Organisers are inviting Catholics to contact their parishes asking them to toll their church bells at 3pm this Sunday, to commemorate this tragic event and to continue (or begin) the work of racial healing.
Sr Anne-Louise Nadeau from Pax Christi asks for everyone.. "individually or as a community" ... to find a bell somewhere in our homes and walk out on our porches, patios, yards, or open a window, and ring that bell for the liberation of our brothers and sisters too long denied human dignity and human rights. Thank you for ringing a bell for long-deserved freedom."
Presiding Bishop Michael Curry and Episcopal Diocese of Southern Virginia Bishop James B Magness are inviting Episcopal churches to take part in a national action to remember and honour the first enslaved Africans who landed in English North America in 1619 by tolling their bells on Sunday, August 25, 2019 at 3pm ET.
Bishop Curry said: "The National Park Service is commissioning, and asking, churches and people from around this country to commemorate and remember that landing and the bringing of those first enslaved Africans to this country by ringing bells. And if possible, by tolling the bells of churches and to do so on August 25 at 3 in the afternoon. I'm inviting us as The Episcopal Church to join in this commemoration as part of our continued work of racial healing and reconciliation. At 3pm we can join together with people of other Christian faiths and people of all faiths to remember those who came as enslaved, who came to a country that one day would proclaim liberty. And so we remember them and pray for a new future for us all."
This national bell ringing is among the Healing Day events being held at Fort Monroe National Monument to commemorate the 400th anniversary of that landing.
"The 2019 commemoration of the arrival of the first enslaved Africans to North America is for me a highly personal occasion," said Bishop Magness. "As a descendent of slaveholders, and as a white male who came of age in the racially polarised south during the 1950s and 1960s, I am painfully aware of my own complicity in furthering and perpetuating the subjugation of my African American brothers and sisters.

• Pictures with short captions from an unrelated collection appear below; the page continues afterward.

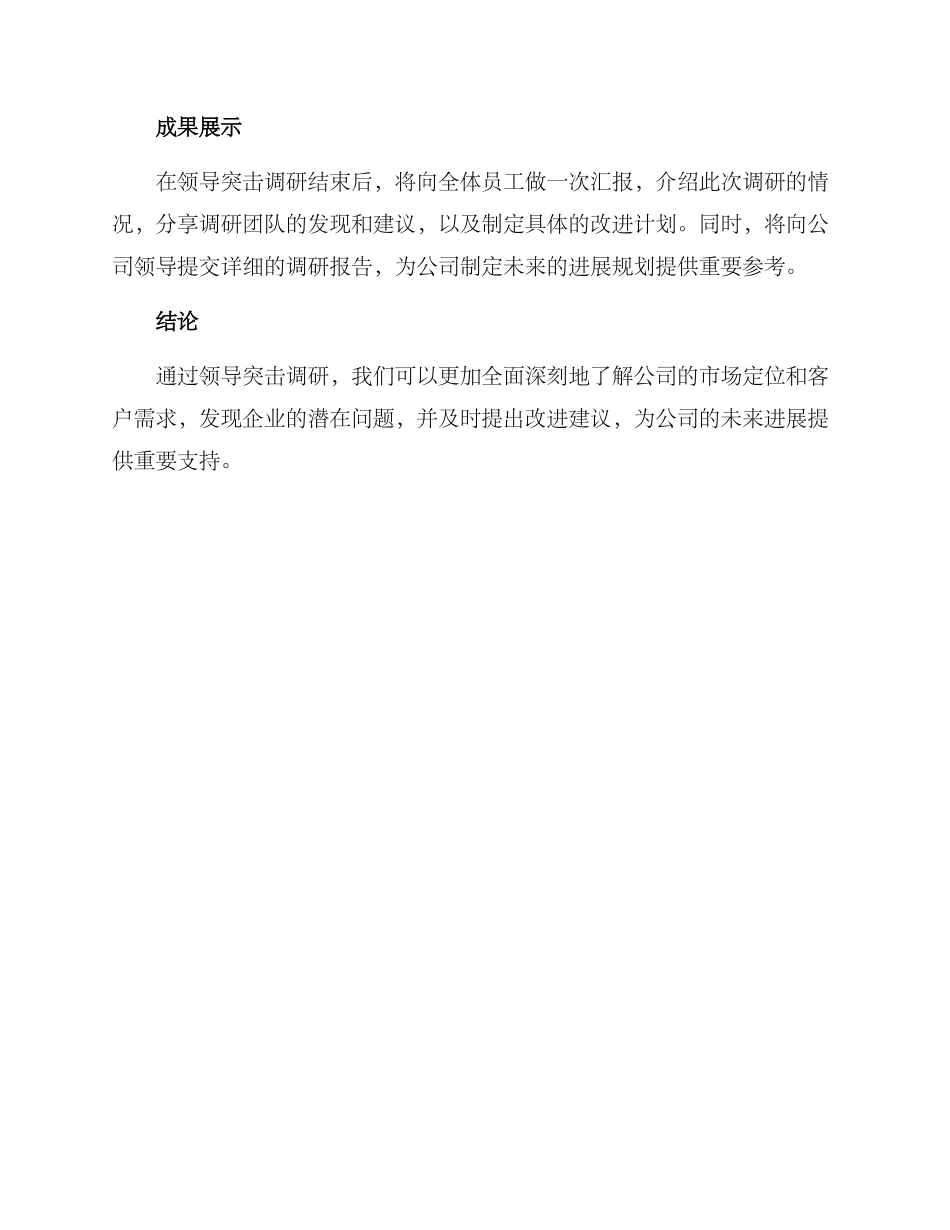 领导突击调研方案_第3页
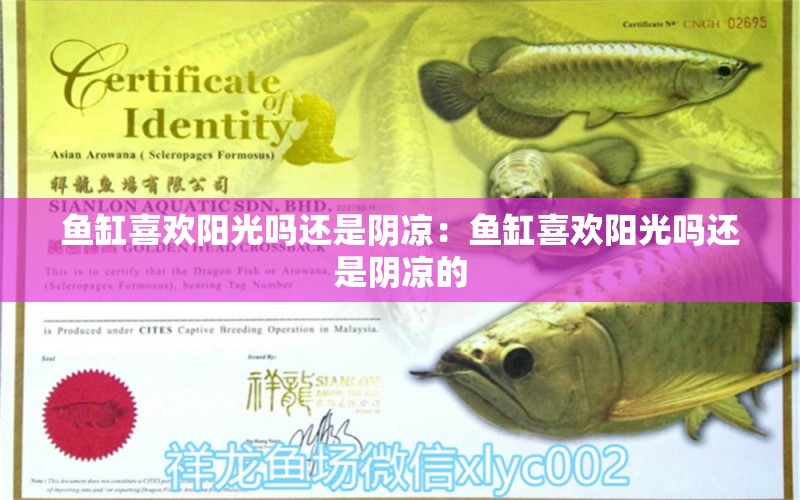 魚缸喜歡陽(yáng)光嗎還是陰涼：魚缸喜歡陽(yáng)光嗎還是陰涼的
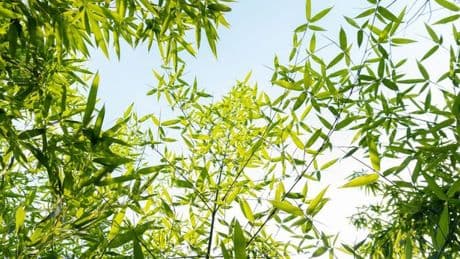 Luxurious umbrella bamboo plant plummets to half-price in limited-time deal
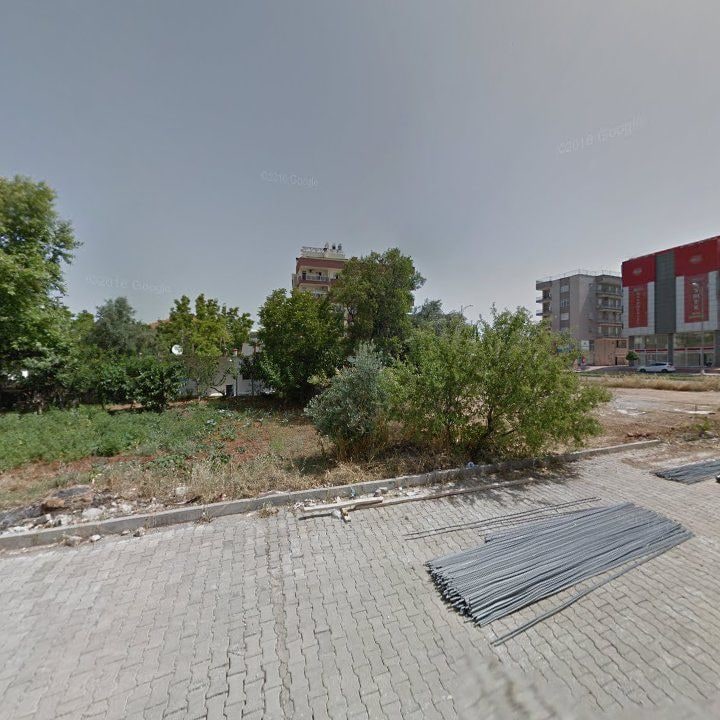 Fotoğraf 7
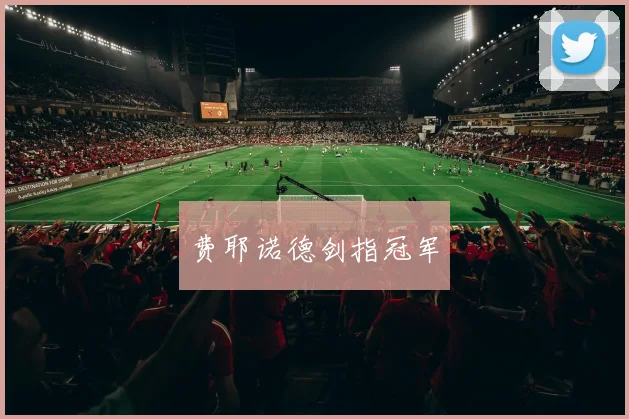 费耶诺德剑指冠军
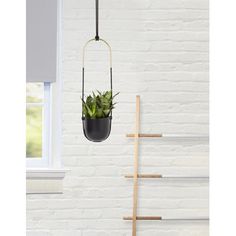 a hanging planter with a succulent in it next to a white brick wall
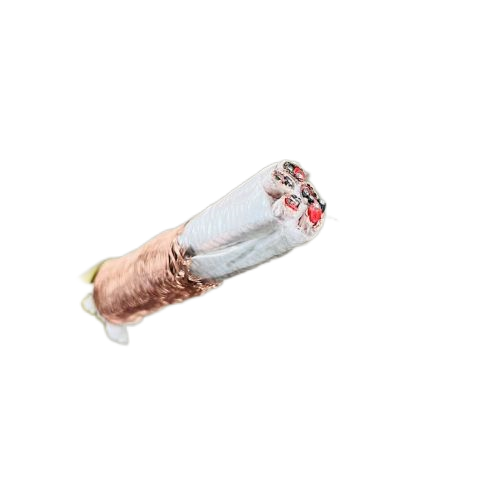 ׾(RAYBET)ѵӾƽ̨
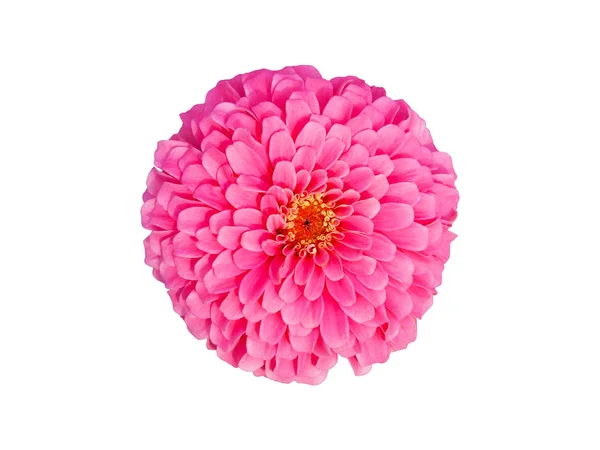 Flor de zinnia rosa de cerca aislada sobre fondo blanco . —  Fotos de Stock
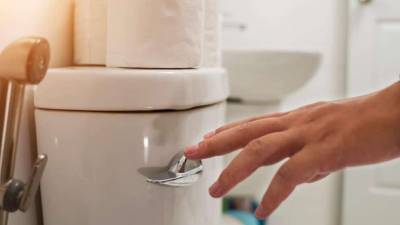 В туалет выгоднее ходить в Кельне: сколько стоит один смыв унитаза в Германии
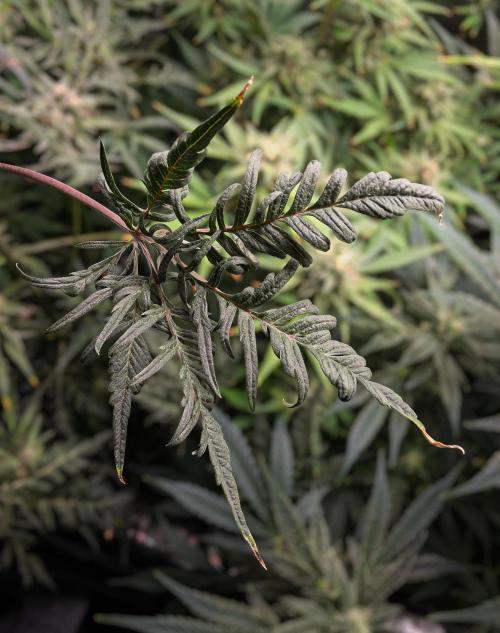 Frosty's Auto Freak | 2L Coco Tray2Grow. Week 10 - D69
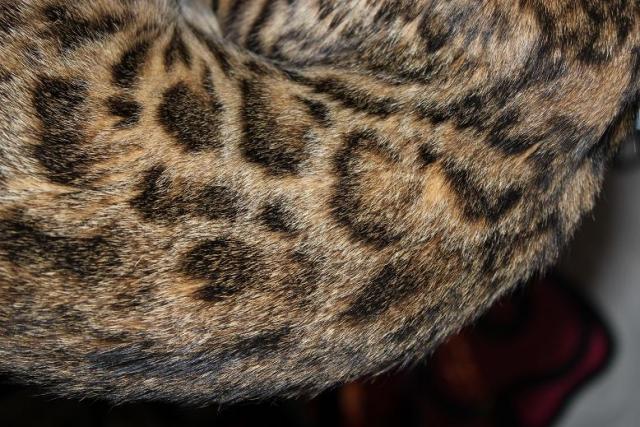 ワイルドベンガル　ベンガル猫　ひょう柄　ロゼット　野性的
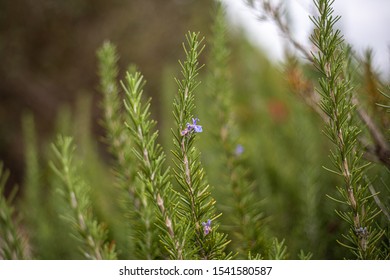 Closeup of rosemary plant with purple flower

At a time when the racial divide in this country seems to be growing rather than diminishing, we are in dire need of a moment, an event when we can stop and take stock of our responsibilities to bring the races together, perhaps in a new manner that truly is an embrace of what it means to be a follower of Jesus Christ."
"Let's unite as one on this day and show our appreciation for 400 years of African American history," said Terry E Brown, Fort Monroe National Monument superintendent. "We must embrace the West African concept of Sankofa, which teaches us we must go back to our roots in order to move forward."

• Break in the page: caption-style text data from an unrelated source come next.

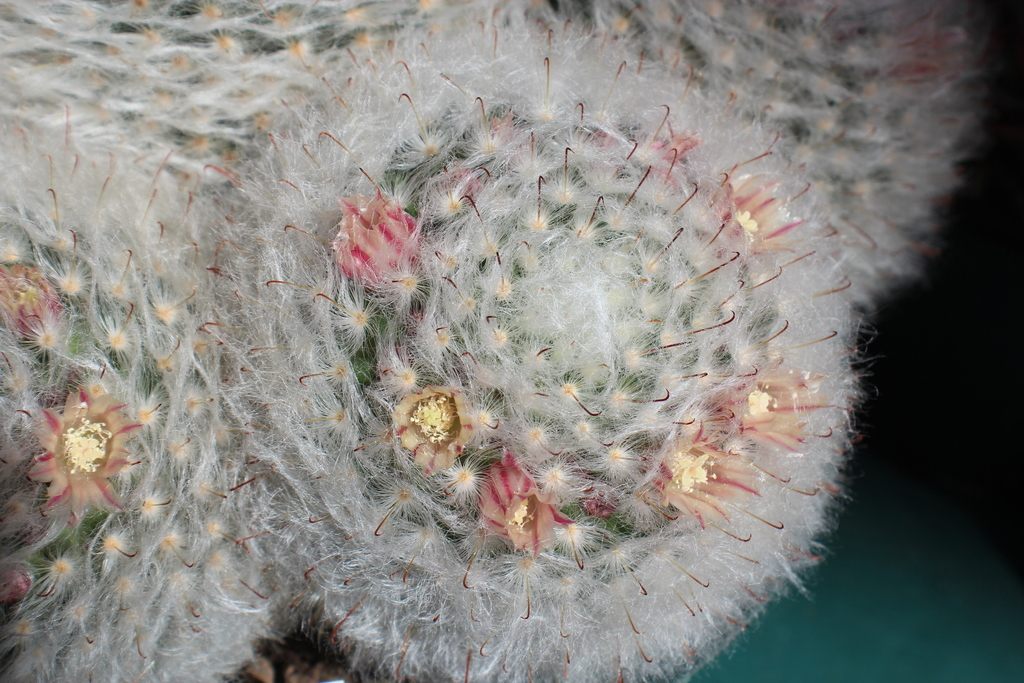 Powderpuff Cactus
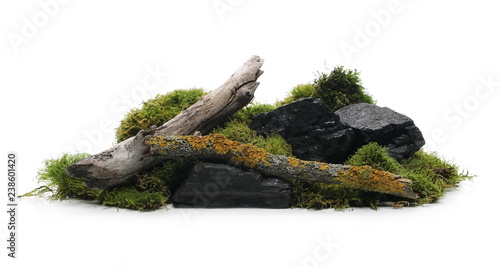 Green moss with branches and coal chunks isolated on white background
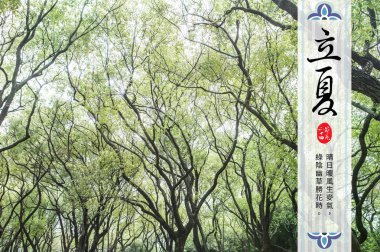 green forest with chinese inscription, background concept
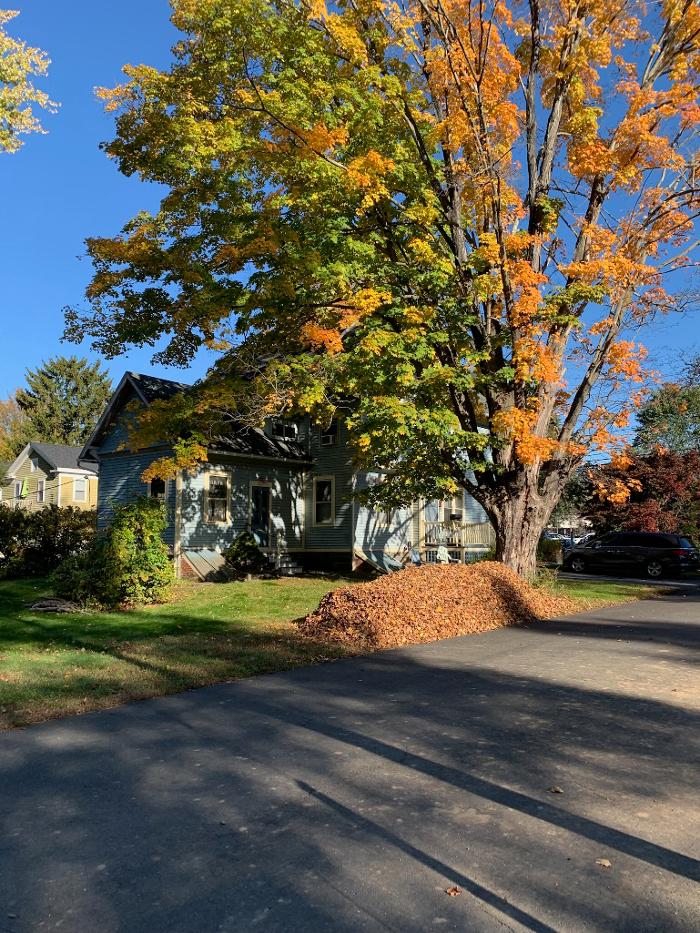 SJ Property Maintenance LLC - Deep River, CT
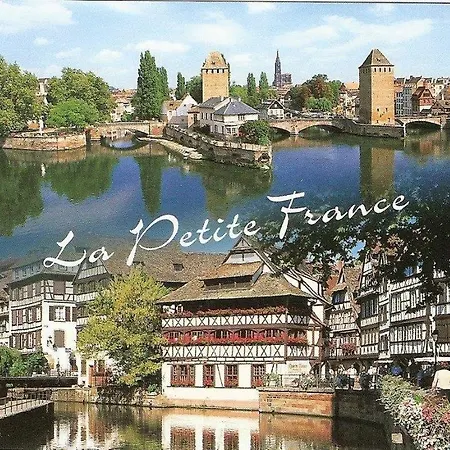 Des Tourtereaux Proche Europapark Et Rulantica Bindernheim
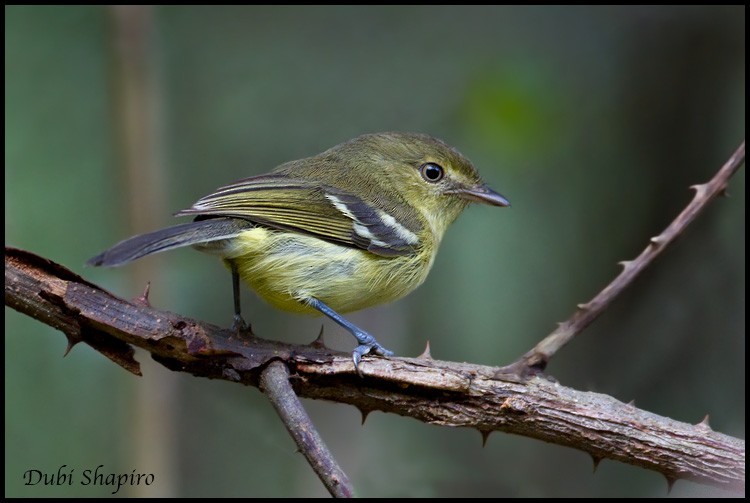 Juruviara-haitiana (Vireo nanus)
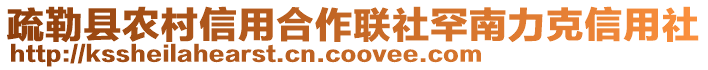 疏勒縣農(nóng)村信用合作聯(lián)社罕南力克信用社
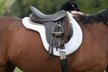 Horse Tack thumbnail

The site of the ship's arrival is the present site of Fort Monroe National Monument in Hampton, Virginia.
"The first African people were brought to this continent in harrowing and dehumanising circumstances. As we remember the 400th anniversary of their arrival, I pray that we will do the hard work of reconciliation that God longs for us to do," said Susan Goff, bishop suffragan of the Episcopal Diocese of Virginia. "God forgive us. God give us courage and resolve. And God bless us."
As recorded by English colonist John Rolfe, the arrival of "20 and odd" African men and women at Point Comfort in late August 1619, was a pivotal moment in the nation's history. Stolen by English privateers from a Spanish slave ship and brought to Point Comfort on a ship called the White Lion, these natives of west central Africa are believed to have been traded for food and supplies. They were the first Africans to be brought to English North America.

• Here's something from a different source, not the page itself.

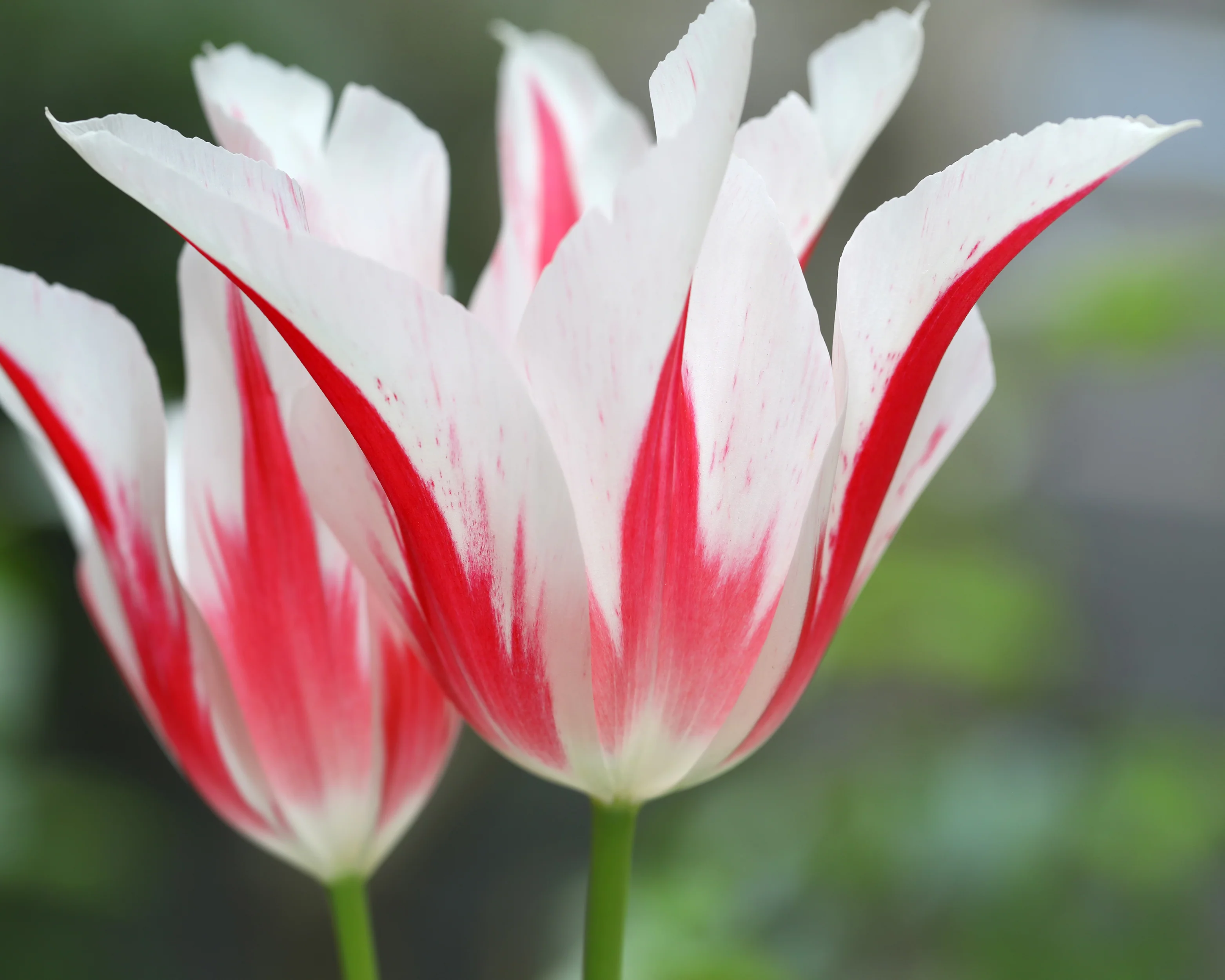 Tulip 'Marilyn' - Image 6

"With bells tolling across America, we pause to lament the centuries of suffering and wrenching grief of slavery and racism in our land," said Mariann Edgar Budde, bishop diocesan of the Episcopal Diocese of Washington. "The first slave trade ship to land 400 years ago planted the seed of sin that spread through the active participation and complicit passivity of nearly every American institution. As we grieve, may we dedicate ourselves to addressing systemic racism and the multi-generational impact of enslavement and discrimination faced by all of the African diaspora."
As the landing point for the first enslaved Africans in the English colonies in 1619 and the site of the first emancipation policy decision during the Civil War, Fort Monroe marks both the beginning and the end of slavery in the United States.
The majority of the Fort Monroe peninsula was designated a National Historic Landmark in 1960 and is also listed in the National Register of Historic Places. Fort Monroe National Monument was proclaimed by President Barak Obama in 2011. In 2018 President Donald Trump signed into law the 400 years of African American History Commission Act. A special Federal Commission was formed to commemorate and educate the American public about the 1619 arrival of the first enslaved Africans to the English colonies at Port Comfort, Virginia.